# Betta Fish Photo



## Zapins (Jul 28, 2004)

A Betta fish I used to own.

I ended up breeding him, thought I'd post a picture of him since he had some nice colors.


----------



## B76 (May 17, 2011)

Niiiiice


----------



## Bert H (Mar 2, 2004)

Beautiful!


----------



## asukawashere (Mar 11, 2009)

Wait, is that the father of the bettas we had that fish-raising contest with? He's much better-looking than his kids if that's the case XD


----------



## houseofcards (Feb 16, 2005)

That's a great shot. Did you use a speedlite or strobe?


----------



## Zapins (Jul 28, 2004)

Yes I used a speedlite 580ex ii, I used a cord and set the flash off to one to avoid the glare on the glass.

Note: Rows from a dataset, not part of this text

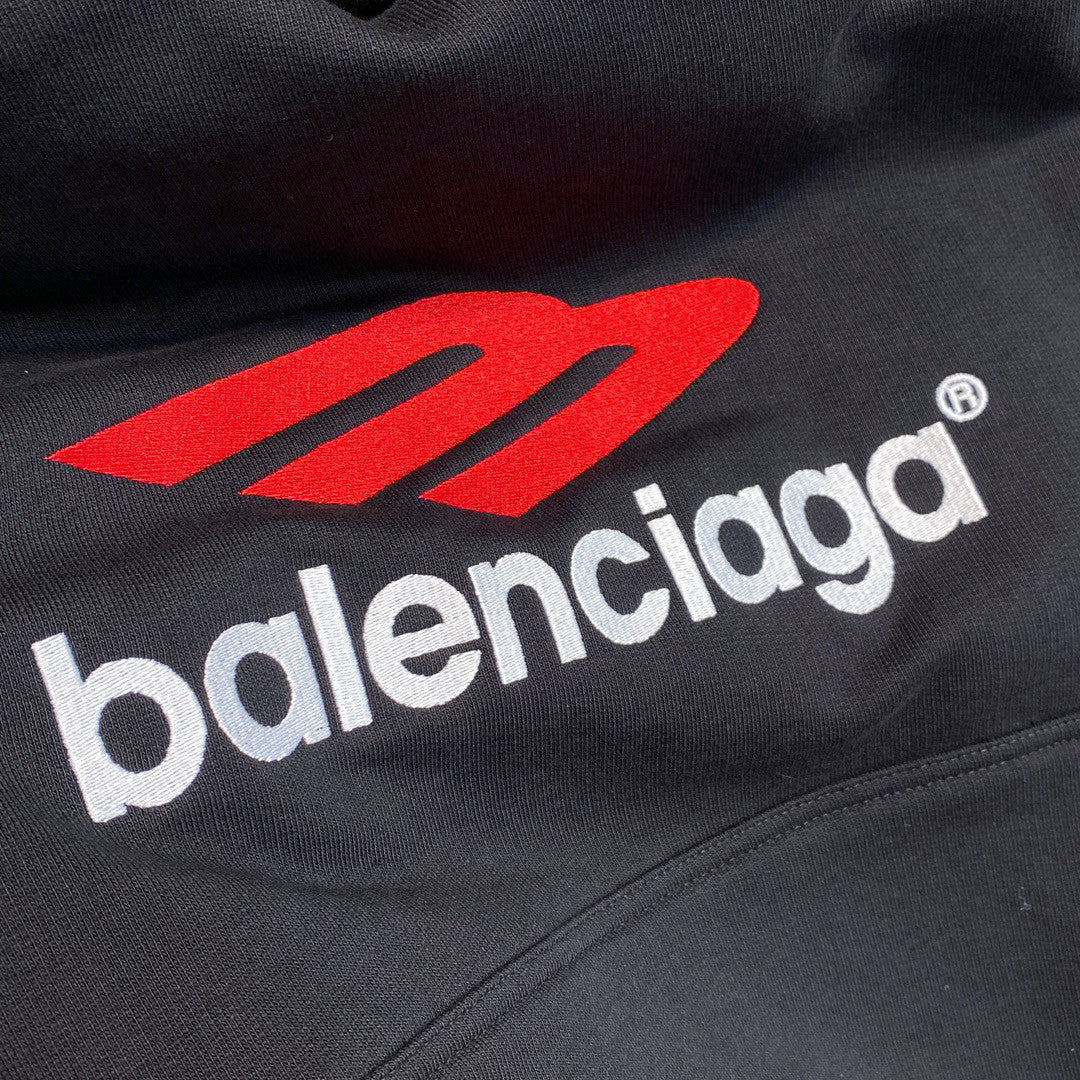Balenciaga Knitted Cotton Hooded Sweatshirt Black #95156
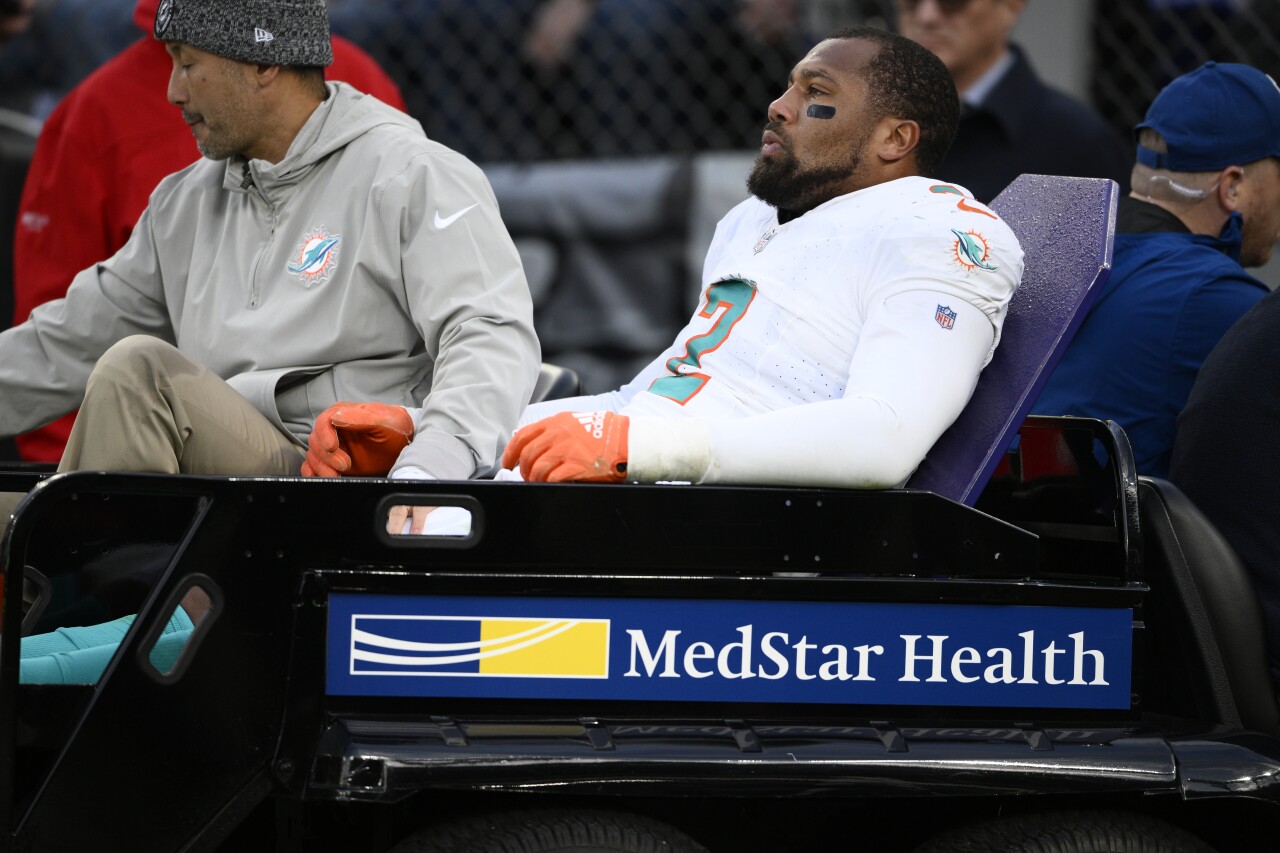 Miami Dolphins linebacker Bradley Chubb carted off field at Baltimore Ravens, Dec. 31, 2023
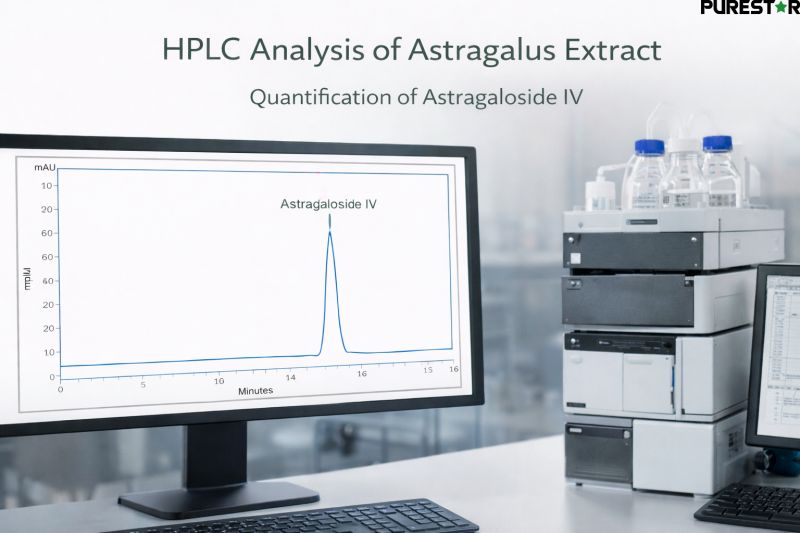 HPLC analysis of Astragalus Extract, Astragaloside IV demonstrating quantitative testing of Astragaloside IV for quality control and purity verification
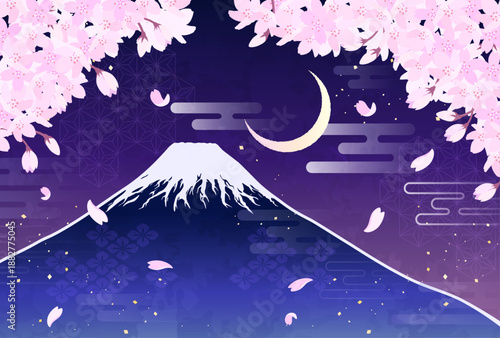 桜と富士山と三日月のイラスト_横2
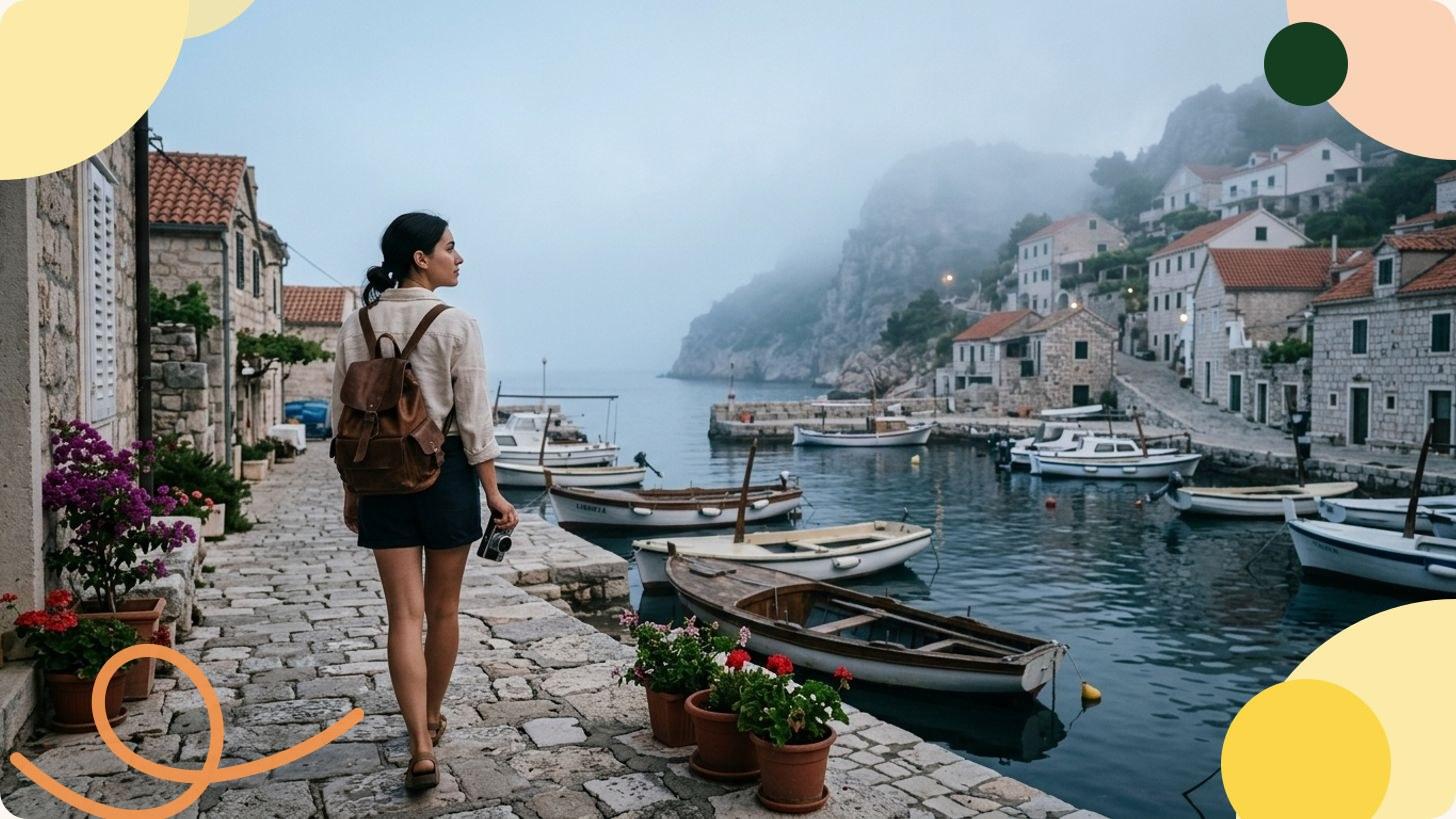 Voyageurs profitant d'une terrasse avec vue sur une baie méditerranéenne lors d'un voyage d'été en Europe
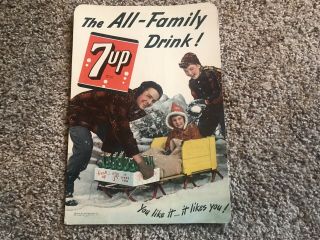 1940’s 7up Cardboard Advertising Sign Counter Display Winter Christmas Rare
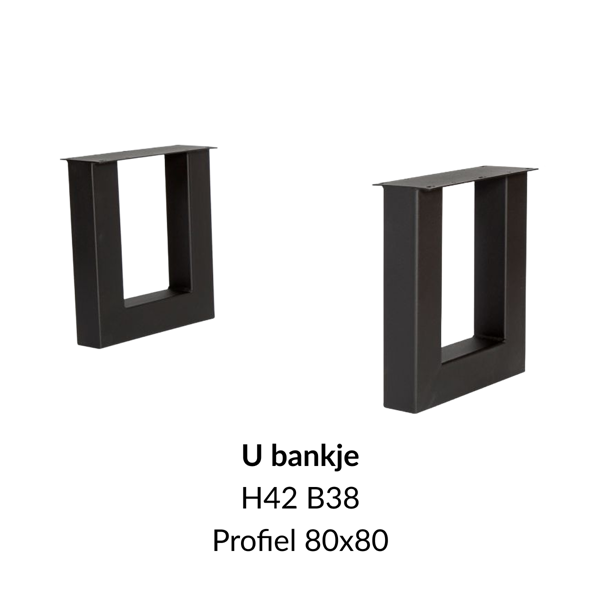 Metalen onderstel U bankje zwart RAL9005 - 38cm breed. Profiel 80x80mm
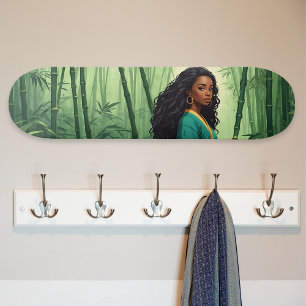 Bamboo Forest with Dark Woman Skateboard
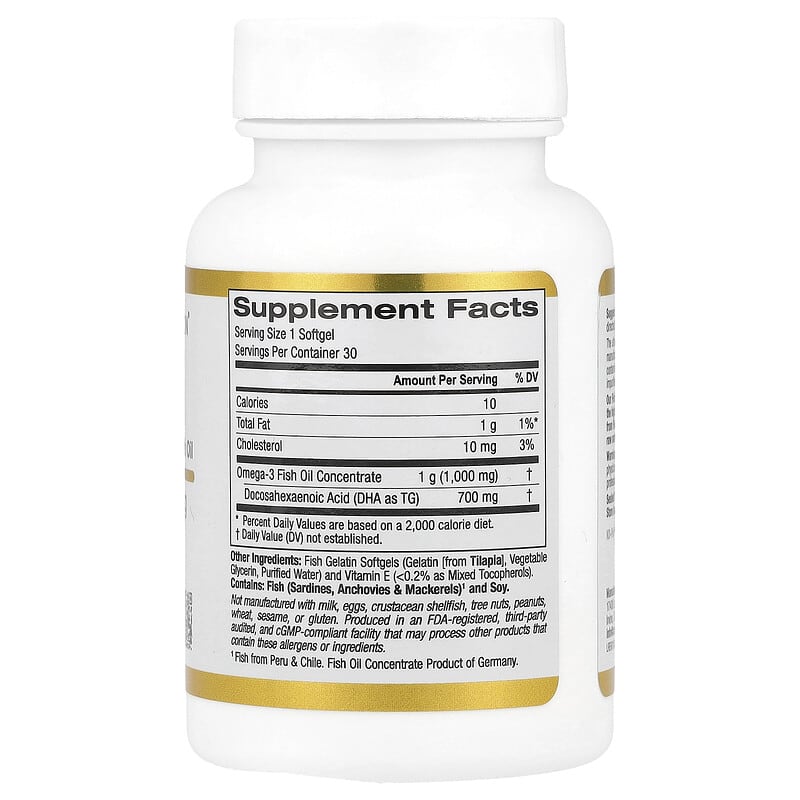 California Gold Nutrition, DHA 700 Fish Oil, Ultra-Concentrated, 1,000 mg, 30 Softgels - Medaid International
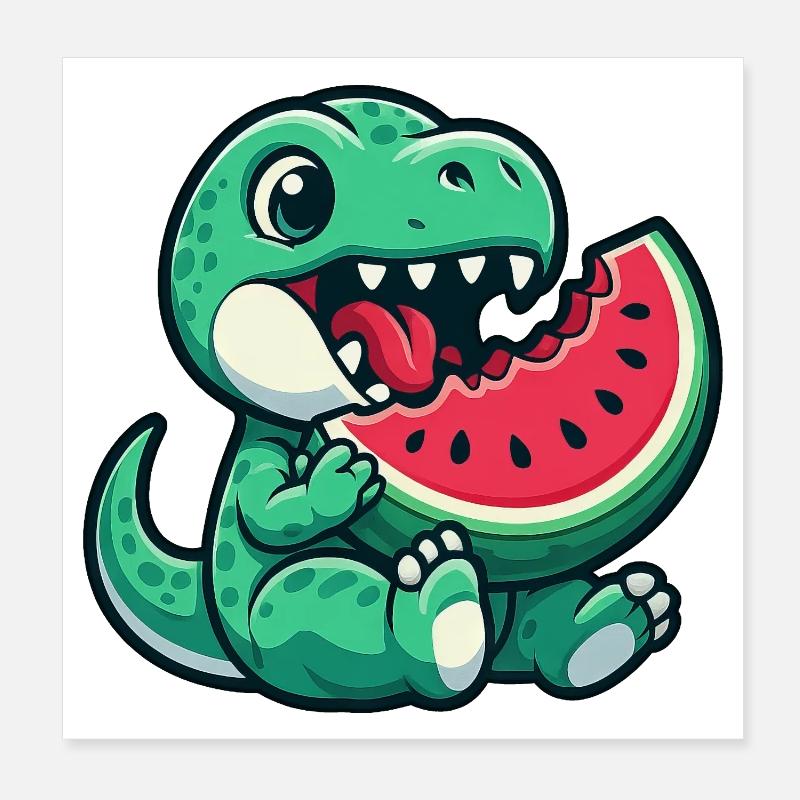 Dino T-Rex mit Wassermelone Sommerfrucht Spaß Poster 20x20 cm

Also yes that is the dad, do you have any pics of the adult babies now? I didn't get a chance to see how the turned out.


----------



## asukawashere (Mar 11, 2009)

Naw, mine somehow grew up to be what Mimi calls a "festering lump" and I prefer to describe as a grouchy, prematurely old-man fish. We tried to breed him to a red-orange female crowntail, but she chewed him up and spit him out, so now he's a bit ragged looking. Seems to spend most of his time perched on various pieces of hardscape and glaring at anything that gets too close ' Like I said, the dad is a nicer fish.

Pretty sure this is also the same fish Kristina adopted when you moved - if so, he's been affctionately dubbed "Loki" and given a 1.5g acrylic tank all to himself, to live out his old age in peace. I assure you, I had nothing to do with any of it, except I did provide a lightbulb for the hood of the tank. :mrgreen:


----------



## Unicorrs (Oct 19, 2011)

wahhh he's so gorgeous!!!
I'm just curious, how do you pronounce Betta?
Bay-da? Bay-tah?


----------



## Zapins (Jul 28, 2004)

I say it "bey-tah."

I would like to get some more bettas like him to take pictures of but all I have to work with is a fancy male snake skin guppy. I'll see if I can get a decent shot of him.


----------